Work task: Restate word for word the entries below, starting with the line with "For more projects" and continuing through the line with "Everyone also has". Include both of those lines and no others.

Data for this exercise:
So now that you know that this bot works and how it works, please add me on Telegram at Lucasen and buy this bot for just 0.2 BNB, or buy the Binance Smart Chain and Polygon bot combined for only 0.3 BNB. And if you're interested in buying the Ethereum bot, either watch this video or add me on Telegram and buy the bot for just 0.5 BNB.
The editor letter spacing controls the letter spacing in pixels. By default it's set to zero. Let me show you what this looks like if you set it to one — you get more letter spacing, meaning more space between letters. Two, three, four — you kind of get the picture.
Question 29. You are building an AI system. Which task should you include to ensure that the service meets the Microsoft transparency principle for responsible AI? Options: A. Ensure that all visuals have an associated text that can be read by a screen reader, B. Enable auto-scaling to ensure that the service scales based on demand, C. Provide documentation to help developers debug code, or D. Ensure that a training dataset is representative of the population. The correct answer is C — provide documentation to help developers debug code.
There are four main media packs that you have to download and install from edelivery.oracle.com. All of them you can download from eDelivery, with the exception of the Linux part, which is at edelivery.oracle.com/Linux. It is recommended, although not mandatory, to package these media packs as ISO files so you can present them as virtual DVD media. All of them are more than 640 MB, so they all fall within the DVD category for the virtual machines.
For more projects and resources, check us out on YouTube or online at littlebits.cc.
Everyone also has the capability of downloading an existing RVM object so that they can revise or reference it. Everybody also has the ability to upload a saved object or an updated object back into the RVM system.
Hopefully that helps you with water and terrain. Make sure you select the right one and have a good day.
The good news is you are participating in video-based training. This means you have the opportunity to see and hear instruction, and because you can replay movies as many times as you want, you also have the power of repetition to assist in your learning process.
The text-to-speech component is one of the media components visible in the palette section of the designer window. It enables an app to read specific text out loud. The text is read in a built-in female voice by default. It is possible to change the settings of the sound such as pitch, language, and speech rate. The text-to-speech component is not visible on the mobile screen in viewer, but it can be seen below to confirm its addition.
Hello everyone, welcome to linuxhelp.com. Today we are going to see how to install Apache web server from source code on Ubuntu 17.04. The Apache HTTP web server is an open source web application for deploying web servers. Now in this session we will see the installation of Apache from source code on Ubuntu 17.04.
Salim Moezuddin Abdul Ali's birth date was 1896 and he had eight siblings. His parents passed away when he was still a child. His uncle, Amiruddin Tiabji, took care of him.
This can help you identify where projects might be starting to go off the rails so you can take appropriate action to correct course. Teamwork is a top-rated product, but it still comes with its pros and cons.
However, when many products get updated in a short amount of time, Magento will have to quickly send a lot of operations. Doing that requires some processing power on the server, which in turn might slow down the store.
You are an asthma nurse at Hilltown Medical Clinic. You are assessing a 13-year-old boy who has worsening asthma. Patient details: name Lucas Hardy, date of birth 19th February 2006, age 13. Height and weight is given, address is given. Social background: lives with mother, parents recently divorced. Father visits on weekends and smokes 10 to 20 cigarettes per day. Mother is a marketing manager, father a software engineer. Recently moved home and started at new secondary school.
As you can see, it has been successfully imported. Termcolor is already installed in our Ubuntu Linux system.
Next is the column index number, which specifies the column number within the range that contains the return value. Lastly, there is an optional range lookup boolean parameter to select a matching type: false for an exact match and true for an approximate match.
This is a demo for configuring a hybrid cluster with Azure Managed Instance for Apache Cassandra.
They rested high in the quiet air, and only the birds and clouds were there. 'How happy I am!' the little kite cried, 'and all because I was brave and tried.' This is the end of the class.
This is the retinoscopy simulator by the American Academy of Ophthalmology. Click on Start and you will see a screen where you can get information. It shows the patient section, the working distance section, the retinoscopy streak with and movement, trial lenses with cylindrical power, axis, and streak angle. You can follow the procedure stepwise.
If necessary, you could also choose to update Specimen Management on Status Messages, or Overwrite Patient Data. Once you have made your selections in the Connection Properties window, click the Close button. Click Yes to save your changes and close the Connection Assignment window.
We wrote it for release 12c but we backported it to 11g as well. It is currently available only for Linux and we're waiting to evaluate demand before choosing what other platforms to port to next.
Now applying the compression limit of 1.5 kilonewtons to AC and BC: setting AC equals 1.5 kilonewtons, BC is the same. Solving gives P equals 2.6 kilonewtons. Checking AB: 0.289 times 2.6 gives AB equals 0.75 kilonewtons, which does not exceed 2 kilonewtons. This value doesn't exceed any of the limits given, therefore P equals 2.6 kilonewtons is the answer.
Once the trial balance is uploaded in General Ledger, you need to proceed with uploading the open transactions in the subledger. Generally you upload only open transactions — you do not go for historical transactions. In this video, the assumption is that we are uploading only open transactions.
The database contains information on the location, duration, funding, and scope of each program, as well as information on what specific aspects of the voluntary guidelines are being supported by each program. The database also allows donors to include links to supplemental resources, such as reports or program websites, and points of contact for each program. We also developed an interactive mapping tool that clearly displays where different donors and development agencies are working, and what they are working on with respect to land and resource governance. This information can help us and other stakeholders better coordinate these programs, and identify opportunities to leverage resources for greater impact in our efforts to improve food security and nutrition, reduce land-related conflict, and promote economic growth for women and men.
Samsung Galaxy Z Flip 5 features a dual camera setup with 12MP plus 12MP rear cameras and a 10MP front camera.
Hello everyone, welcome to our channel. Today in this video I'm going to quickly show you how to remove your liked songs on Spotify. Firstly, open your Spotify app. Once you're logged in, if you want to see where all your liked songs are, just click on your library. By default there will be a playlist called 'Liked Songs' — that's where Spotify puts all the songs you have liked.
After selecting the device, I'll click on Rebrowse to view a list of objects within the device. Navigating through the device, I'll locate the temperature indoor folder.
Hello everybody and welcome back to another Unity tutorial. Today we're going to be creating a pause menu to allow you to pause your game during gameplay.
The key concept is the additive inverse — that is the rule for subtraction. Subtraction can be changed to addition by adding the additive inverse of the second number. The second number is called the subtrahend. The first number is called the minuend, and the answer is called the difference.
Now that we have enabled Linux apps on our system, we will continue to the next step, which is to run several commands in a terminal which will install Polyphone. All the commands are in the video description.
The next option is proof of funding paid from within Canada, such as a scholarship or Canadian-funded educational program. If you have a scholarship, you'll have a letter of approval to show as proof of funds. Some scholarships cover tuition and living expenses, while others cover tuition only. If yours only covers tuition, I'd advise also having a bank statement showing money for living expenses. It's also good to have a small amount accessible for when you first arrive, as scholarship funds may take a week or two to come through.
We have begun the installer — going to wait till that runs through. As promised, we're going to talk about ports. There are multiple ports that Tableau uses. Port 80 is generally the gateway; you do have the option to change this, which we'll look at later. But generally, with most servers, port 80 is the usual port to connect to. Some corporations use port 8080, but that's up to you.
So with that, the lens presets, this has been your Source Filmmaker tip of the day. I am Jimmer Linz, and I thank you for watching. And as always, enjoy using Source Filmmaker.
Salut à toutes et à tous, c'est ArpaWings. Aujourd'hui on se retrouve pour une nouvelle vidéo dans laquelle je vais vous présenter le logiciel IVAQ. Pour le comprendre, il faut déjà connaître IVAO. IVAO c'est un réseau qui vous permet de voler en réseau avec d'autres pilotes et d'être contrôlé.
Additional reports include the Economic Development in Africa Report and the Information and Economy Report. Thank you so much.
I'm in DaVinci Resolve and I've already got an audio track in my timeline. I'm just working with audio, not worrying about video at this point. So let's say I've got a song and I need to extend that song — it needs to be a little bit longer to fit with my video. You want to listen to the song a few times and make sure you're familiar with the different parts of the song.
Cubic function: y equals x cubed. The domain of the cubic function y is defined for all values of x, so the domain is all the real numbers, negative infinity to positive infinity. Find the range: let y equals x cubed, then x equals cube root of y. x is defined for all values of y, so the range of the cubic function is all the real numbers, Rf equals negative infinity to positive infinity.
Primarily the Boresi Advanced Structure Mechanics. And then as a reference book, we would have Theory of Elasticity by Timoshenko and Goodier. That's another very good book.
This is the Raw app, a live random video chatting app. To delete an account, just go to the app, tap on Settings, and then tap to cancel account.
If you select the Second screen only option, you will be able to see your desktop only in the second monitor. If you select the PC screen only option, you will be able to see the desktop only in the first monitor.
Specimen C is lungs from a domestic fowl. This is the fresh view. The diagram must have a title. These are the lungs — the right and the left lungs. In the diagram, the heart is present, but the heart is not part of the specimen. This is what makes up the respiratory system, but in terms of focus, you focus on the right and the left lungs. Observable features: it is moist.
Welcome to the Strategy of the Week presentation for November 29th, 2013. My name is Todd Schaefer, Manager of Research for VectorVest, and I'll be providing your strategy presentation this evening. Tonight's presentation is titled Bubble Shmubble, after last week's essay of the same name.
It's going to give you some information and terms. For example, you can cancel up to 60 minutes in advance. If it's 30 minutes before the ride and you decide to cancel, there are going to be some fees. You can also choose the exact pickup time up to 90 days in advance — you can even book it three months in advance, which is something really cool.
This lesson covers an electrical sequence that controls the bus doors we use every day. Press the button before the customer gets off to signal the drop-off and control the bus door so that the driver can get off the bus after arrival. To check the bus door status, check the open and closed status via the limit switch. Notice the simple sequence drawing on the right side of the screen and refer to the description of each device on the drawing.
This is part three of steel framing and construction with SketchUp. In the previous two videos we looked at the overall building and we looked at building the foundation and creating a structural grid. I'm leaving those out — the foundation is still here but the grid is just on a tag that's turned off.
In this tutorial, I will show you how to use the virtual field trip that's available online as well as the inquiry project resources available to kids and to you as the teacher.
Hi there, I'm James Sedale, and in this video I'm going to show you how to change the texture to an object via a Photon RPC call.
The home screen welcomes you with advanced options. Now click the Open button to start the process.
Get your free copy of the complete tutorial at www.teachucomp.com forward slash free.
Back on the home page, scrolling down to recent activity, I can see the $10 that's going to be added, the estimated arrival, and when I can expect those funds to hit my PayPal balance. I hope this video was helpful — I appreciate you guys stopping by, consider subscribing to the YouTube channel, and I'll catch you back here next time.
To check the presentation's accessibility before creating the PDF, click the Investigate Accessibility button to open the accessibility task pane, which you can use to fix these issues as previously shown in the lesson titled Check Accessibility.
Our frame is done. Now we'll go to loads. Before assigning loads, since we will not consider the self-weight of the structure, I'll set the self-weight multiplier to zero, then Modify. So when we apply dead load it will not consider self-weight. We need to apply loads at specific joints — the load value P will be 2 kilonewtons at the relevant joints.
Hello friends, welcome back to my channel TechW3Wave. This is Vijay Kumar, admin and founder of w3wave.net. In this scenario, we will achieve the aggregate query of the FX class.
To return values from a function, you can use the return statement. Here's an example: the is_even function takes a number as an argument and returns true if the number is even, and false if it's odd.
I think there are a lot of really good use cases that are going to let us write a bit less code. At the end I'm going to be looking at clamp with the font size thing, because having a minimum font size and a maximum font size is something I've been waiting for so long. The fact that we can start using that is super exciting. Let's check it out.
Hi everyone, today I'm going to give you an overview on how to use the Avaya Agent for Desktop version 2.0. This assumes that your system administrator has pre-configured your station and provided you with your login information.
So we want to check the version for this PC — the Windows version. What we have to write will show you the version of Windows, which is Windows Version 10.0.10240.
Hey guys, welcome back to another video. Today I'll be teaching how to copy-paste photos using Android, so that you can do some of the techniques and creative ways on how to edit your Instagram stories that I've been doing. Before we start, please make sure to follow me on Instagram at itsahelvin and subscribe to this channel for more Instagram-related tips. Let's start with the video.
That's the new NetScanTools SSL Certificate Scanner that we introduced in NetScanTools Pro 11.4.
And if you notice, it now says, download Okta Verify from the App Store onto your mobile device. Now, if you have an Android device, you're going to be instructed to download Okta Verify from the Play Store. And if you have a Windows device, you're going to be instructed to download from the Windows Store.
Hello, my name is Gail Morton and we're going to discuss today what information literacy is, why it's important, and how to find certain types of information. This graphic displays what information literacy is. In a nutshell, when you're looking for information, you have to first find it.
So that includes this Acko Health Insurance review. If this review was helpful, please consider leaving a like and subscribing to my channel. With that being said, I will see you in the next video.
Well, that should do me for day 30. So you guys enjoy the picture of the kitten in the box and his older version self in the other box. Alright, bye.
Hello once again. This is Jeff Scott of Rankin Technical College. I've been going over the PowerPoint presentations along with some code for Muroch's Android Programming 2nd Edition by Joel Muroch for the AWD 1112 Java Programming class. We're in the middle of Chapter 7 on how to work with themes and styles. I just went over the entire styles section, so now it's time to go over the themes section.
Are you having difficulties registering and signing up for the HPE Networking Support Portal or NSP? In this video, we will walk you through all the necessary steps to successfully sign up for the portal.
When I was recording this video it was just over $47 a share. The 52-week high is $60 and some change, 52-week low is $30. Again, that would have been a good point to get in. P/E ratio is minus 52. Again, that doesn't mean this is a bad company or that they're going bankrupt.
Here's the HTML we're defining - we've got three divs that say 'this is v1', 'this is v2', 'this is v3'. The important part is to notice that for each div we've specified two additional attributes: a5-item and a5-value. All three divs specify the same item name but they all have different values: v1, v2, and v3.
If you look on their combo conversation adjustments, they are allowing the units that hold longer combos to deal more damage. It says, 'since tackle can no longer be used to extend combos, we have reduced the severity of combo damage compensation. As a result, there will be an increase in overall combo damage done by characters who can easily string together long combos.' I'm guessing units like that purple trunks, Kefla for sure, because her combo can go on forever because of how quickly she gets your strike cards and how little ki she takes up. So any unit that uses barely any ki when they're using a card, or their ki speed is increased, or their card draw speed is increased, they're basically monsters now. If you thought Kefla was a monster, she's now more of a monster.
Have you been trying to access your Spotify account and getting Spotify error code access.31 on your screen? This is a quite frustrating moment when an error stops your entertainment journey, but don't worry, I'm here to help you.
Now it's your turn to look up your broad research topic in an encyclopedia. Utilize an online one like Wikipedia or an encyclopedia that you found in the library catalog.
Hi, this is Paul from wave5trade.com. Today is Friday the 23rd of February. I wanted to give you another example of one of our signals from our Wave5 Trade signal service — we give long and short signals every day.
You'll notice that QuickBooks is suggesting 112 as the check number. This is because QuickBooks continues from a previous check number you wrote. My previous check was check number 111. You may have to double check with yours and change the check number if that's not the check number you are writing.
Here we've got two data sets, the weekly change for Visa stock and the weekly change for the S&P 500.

Answer section:
For more projects and resources, check us out on YouTube or online at littlebits.cc.
Everyone also has the capability of downloading an existing RVM object so that they can revise or reference it. Everybody also has the ability to upload a saved object or an updated object back into the RVM system.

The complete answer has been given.